> There's no actual storage density information, is there? Nothing in KJ/m^3 units.
Even if there was (to be honest, didn't read the journal article) this is something that can easily be hacked. Energy storage research papers regularly hack energy density numbers by reporting the kJ/cc values of a tiny (like order 1 g) fleck of nanoparticle dust, which totally misrepresents the physics that matters are scale (i.e. in an EV).
Scaling up stuff is hard, including when you're moving from micron scale to cm scale.
No, it's not. Energy density is only relevant for today's uses of batteries - car's, laptop and the like. If energy density was all that mattered pumped storage would be utterly useless as it energy density is abysmal. The reality is pumped storage is 80% efficient, and is good for 10's of thousands of cycles (basically unto the dam silts up), and base storage medium (water) is dirt cheap. As a consequence we store and discharge gigawatt hours of energy using pumped storage every day, which I suspect more than all those batteries with higher energy density combined.
If you want another comparison, there are more vehicles using lead acid batteries than there are using lithium - yet lead acid has a horrible energy density. (You are thinking this is wrong - but you are thinking cars. There are far more golf buggies and indoor forklifts and the like out there than there are cars.)

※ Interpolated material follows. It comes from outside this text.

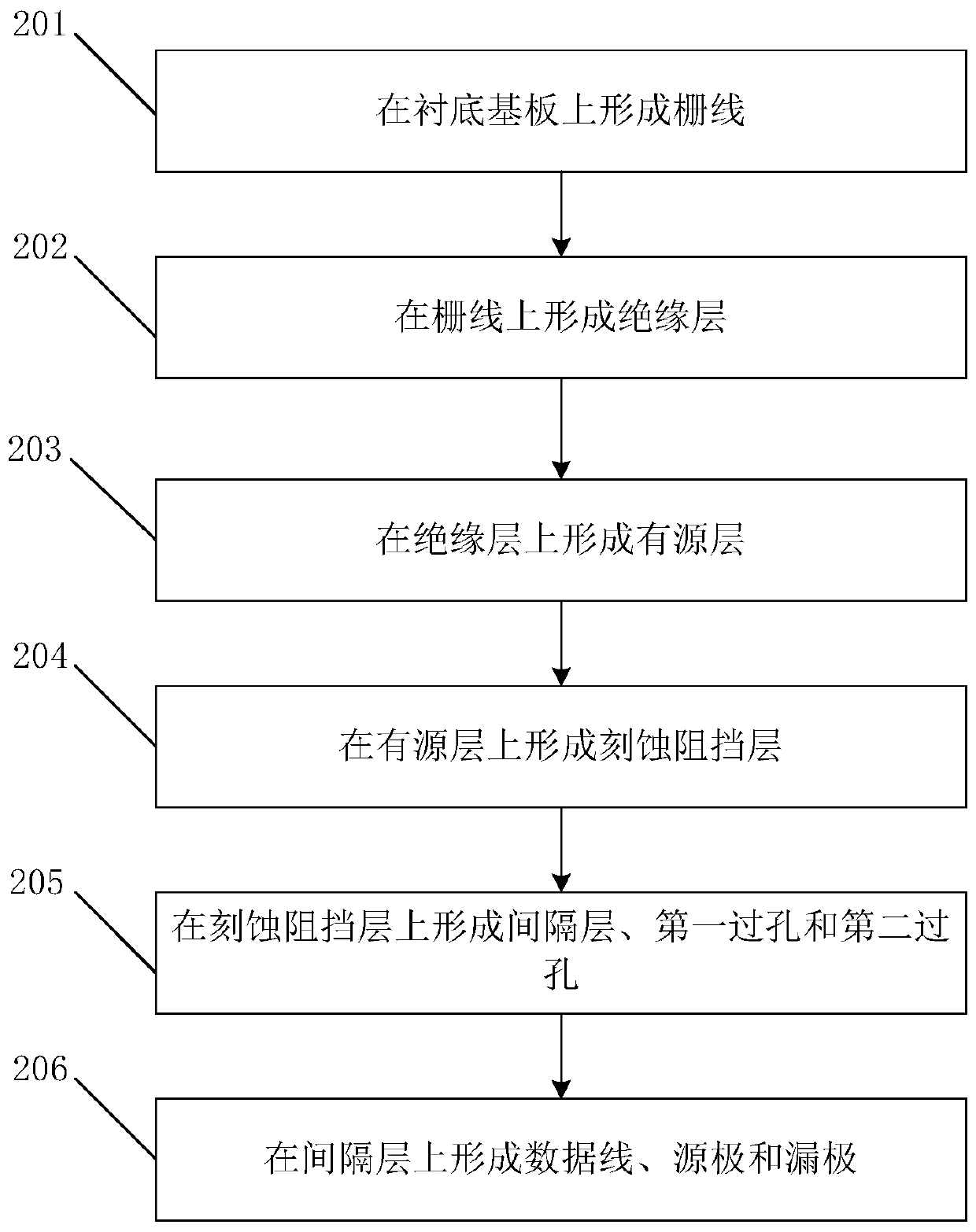 Array substrate, manufacturing method thereof, and display device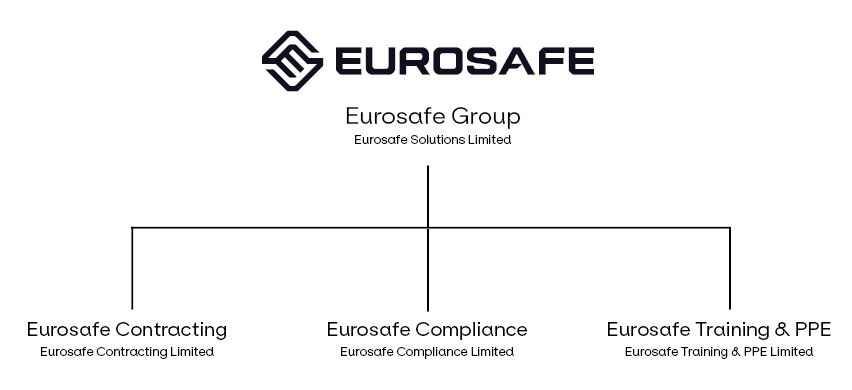 Euroasafe UK new company structure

They say the voltage of this battery is around 1/2 that of lithium - which I suspect means much than half the density. But Aluminium is cheap, more common and lighter than lead, and they are talking 10's of thousands of cycles. If this works it will change the world - regardless of it's energy density.
Indeed, I was specifically talking about batteries. But there are many other ways to store energy. They don't even need to be as efficient as batteries, as long as they are cheap/scalable.
You're arguing with a straw man. I never claimed storage technologies other than lithium batteries didn't exist. Electric cars continue to be a central example of the relatively recent increase in research into storage technologies.
And you still can't extrapolate indefinitely from an exponential curve. We don't know where the floor will be, or whether it will be low enough.